Open peterinnes opened 5 years ago
Did you ever figure this out? I am now running into this issue myself.
No, I haven't figured it out. Kinda gave up on it for the time being. I'll write here otherwise.
I'm also running into this issue. I'll post if I figure it out, or I would be interested in anyone has came up with a solution!
I'm running outFLANK and got the same issue. I've tried with the function 'gl.outflank' and with 'WC_FST_Diploids_2Alleles', and both resulted in the same problem. Don't know what else to do...
Hi guys,
I've had this same error. I'm not sure why, but when I filtered my SNP data more stringently it resolved the issue.
Hope this helps! Cheers
I'm facing this issue, too! @nek001 what were the new filtering settings that you applied to your SNP data?
I think I solved it for my dataset by having more stringent missingness filtering.
This is especially so if you have uneven numbers of individuals per population, e.g. I have two populations with 10 individuals in one pop and 28 in the other. If there are genotypes which are totally missing in one pop, for example in the one with 10 individuals, it is not possible to calculate FST for that locus and this error is thrown. To solve it, make sure your missingness filter (e.g. bcftools filter -r 'F_MISSING> value') is set high enough so that there is no SNP where genotypes for all members of each population are missing, in my case minimum missingness of 10/38*100% = 0.27.
I hope this helps!!
Thanks Le!
I ended up filtering missingness by population too (what parameters exactly, I can't remember).

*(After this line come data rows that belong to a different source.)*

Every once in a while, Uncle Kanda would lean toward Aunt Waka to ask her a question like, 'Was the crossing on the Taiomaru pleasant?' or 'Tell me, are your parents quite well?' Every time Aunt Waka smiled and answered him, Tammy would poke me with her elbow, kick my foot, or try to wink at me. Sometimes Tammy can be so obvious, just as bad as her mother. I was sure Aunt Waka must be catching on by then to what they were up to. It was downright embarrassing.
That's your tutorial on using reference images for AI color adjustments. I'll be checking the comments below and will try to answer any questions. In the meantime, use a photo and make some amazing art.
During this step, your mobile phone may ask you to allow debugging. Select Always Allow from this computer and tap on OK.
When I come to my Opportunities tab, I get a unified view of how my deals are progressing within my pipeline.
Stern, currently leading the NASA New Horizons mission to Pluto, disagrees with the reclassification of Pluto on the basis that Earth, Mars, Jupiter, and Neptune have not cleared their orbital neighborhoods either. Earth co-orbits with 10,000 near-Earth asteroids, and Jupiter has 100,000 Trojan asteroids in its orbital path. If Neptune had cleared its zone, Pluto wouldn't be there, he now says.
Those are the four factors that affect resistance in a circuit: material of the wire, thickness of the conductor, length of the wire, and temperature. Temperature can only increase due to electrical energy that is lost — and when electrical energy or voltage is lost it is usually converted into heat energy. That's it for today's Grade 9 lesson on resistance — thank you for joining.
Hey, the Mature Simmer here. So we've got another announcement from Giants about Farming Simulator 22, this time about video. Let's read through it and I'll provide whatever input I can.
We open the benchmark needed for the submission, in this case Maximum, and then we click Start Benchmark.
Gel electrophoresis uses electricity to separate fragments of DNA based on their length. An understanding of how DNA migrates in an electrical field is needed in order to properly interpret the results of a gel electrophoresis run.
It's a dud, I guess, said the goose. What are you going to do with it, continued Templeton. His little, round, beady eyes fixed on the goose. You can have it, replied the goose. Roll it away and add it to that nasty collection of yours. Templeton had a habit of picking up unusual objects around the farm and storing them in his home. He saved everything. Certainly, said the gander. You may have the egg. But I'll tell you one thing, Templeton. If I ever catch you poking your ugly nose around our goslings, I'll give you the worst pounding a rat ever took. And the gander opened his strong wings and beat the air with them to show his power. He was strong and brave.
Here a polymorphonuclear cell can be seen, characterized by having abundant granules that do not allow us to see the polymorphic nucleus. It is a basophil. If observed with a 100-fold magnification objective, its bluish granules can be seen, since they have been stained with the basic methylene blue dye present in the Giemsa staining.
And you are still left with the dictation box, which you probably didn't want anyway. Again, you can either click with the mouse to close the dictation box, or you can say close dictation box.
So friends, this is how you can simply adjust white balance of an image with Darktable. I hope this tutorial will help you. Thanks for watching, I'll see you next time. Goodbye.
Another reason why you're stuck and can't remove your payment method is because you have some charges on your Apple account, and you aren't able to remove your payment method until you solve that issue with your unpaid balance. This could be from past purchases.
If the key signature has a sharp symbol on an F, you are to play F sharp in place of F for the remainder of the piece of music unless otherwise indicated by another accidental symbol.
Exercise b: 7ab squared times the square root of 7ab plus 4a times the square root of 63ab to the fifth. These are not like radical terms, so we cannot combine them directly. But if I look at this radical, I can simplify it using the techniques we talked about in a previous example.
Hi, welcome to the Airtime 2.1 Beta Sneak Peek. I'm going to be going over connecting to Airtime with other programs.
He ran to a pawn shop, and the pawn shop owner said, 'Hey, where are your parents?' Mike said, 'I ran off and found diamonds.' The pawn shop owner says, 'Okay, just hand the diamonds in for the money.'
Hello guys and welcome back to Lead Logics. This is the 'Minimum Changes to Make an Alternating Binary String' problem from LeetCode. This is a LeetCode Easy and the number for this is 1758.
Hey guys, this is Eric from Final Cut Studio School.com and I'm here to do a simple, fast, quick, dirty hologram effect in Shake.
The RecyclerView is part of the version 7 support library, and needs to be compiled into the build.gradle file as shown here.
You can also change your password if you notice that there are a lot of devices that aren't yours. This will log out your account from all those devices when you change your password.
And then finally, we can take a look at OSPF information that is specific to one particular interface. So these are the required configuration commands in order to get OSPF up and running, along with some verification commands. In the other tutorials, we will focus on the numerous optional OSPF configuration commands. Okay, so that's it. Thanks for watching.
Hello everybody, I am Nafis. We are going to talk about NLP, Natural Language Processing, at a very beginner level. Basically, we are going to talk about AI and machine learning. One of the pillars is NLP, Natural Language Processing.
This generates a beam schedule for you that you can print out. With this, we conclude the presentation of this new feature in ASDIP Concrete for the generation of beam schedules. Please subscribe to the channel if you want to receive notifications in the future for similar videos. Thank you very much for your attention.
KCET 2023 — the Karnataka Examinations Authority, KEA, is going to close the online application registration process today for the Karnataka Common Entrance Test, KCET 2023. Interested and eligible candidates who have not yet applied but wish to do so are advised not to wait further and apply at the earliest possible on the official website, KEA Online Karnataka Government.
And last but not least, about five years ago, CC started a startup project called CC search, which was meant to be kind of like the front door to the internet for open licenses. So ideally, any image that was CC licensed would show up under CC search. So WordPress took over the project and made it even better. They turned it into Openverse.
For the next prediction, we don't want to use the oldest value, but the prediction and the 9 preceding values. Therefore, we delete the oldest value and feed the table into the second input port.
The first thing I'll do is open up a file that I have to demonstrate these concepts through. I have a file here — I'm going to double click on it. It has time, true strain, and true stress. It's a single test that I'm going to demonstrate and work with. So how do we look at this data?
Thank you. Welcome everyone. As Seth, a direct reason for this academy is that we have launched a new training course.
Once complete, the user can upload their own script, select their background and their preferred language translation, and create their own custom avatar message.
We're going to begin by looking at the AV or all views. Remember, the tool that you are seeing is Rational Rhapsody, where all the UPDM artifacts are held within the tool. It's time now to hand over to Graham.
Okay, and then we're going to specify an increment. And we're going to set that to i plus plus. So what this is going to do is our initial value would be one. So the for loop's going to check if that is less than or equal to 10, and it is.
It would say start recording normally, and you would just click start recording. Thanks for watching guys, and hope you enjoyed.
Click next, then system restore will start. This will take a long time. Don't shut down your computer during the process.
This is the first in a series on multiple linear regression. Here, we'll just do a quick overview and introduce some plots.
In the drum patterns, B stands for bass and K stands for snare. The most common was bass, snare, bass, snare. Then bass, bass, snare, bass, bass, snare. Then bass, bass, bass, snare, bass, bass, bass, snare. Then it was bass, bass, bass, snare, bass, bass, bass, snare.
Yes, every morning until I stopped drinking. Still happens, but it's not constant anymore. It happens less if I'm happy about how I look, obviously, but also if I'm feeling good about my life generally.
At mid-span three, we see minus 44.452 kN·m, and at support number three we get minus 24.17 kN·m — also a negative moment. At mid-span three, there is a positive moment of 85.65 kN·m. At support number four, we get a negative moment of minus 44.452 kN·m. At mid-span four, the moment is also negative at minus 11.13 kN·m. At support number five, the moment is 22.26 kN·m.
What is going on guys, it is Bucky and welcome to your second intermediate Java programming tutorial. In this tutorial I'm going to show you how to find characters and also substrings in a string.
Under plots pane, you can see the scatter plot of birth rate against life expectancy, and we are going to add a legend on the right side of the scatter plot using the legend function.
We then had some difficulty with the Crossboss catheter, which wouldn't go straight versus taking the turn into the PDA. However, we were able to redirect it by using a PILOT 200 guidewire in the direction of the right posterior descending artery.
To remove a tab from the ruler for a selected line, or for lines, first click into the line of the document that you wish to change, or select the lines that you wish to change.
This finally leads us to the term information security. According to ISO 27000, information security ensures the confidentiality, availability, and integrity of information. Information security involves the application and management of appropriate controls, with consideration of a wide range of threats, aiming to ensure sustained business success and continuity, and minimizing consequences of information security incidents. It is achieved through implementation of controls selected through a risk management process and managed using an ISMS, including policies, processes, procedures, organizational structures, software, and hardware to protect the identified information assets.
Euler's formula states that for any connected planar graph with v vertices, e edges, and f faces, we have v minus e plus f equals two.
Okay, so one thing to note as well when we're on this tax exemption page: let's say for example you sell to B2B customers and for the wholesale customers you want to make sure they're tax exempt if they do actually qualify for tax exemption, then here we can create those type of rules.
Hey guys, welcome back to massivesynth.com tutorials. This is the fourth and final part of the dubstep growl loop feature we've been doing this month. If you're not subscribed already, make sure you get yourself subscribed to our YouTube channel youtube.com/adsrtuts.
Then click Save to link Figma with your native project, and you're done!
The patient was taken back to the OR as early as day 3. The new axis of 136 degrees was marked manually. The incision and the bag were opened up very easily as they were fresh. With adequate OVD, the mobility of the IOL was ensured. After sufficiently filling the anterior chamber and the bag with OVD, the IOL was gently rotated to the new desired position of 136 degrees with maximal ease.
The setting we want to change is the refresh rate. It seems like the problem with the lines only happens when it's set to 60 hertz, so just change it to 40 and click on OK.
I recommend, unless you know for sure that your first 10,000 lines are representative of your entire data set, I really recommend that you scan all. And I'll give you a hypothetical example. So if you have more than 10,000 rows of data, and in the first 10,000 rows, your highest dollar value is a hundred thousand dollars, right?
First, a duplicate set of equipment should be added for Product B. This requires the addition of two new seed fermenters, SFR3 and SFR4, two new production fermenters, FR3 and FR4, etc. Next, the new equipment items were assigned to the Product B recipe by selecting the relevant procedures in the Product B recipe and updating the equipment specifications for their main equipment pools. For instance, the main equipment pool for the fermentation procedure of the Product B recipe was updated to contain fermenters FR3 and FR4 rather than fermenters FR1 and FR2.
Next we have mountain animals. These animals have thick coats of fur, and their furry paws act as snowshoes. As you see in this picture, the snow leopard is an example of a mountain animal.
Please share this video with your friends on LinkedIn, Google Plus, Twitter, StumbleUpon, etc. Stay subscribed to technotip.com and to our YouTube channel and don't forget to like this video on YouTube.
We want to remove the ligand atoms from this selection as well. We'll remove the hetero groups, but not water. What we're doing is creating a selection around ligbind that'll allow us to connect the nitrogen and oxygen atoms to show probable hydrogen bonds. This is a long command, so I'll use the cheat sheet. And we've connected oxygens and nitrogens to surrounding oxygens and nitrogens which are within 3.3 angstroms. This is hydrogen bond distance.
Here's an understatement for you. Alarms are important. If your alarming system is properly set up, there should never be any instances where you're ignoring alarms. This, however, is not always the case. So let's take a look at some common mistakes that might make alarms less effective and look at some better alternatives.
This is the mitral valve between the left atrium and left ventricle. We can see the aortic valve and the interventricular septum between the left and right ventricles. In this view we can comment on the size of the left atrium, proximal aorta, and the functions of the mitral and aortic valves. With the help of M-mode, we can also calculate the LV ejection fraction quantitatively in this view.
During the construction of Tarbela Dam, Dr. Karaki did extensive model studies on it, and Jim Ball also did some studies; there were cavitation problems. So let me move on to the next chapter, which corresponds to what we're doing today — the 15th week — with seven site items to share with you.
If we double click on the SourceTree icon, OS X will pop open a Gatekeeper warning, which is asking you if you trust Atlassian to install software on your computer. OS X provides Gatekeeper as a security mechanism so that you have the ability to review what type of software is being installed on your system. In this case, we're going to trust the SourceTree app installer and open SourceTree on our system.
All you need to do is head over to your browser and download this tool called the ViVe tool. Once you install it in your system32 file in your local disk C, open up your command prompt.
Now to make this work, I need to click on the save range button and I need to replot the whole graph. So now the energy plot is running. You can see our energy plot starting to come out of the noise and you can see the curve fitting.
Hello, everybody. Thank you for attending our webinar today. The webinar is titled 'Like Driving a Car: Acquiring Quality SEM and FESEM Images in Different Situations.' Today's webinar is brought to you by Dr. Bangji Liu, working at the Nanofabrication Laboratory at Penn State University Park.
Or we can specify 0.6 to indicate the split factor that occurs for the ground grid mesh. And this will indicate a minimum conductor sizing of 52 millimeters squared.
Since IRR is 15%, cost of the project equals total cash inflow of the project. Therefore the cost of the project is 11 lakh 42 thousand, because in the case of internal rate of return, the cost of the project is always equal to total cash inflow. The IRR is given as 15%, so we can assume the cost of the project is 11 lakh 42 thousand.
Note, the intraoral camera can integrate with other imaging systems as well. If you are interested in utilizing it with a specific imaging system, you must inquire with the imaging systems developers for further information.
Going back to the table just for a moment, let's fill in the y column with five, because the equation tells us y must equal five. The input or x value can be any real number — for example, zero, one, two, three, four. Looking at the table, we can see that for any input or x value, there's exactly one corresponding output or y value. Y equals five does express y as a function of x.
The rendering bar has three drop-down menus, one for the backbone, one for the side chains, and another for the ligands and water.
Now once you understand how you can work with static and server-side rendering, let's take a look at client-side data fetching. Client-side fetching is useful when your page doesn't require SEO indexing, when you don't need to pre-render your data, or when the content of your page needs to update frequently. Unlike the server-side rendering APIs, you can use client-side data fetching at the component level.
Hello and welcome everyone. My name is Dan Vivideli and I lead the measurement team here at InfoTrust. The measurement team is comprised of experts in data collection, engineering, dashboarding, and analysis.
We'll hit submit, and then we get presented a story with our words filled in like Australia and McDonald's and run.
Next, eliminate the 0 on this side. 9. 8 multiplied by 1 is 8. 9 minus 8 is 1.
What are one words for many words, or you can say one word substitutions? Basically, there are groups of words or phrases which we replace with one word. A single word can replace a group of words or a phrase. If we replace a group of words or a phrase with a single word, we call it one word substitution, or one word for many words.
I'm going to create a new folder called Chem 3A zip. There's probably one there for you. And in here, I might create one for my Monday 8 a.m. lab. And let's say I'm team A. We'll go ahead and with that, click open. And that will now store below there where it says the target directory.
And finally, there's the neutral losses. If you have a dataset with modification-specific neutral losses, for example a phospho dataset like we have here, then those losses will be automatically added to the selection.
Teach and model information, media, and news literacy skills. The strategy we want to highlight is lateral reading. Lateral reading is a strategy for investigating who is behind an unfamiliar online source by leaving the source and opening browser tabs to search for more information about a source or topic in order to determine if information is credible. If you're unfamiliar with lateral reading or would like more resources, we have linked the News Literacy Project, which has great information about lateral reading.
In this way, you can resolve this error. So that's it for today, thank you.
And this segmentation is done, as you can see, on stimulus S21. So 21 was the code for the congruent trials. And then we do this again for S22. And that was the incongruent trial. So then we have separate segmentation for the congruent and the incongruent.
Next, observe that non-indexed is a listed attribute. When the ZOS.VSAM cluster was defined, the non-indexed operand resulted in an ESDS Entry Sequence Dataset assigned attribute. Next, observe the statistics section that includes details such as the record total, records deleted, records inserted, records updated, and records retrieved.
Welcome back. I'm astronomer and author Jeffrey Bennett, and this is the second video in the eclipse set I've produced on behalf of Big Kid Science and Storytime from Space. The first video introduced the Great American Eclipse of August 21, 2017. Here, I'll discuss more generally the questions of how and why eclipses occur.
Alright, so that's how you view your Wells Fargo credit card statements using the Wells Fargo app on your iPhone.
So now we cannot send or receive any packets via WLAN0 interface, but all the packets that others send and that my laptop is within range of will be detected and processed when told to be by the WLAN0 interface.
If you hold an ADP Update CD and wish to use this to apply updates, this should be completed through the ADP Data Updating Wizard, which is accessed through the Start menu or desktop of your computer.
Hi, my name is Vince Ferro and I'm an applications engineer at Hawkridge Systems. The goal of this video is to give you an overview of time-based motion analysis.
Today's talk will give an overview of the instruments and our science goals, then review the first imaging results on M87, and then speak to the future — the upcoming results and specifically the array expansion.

However, I was just wondering about the implications of this - by filtering out SNPs that are missing in one population but are possibly fixed or high frequency in another could potentially be removing SNPs under selection or would these likely be SNPs associated with demographic processes?
Hey nek001,
Great question! I think they could certainly be due to either selection or demographic processes, but maybe outflank wouldn't be the best way to distinguish between the two... If you had linkage data, you might be able to detect selective sweeps at a locus that was under strong selection, whereas sites fixed due to demography may be more likely at recombination hotspots.
Has anyone solved this?
Hi paulocecco,
Try removing SNPs that are absent from one population (when comparing two populations). I did managed to get it working by doing that, however, you may need to consider the consequences of this. I actually ended up using a different method for my research in the end.
Plink filter suppose to do that but I'm gonna do it manually. If I may ask nek001, what did you do then?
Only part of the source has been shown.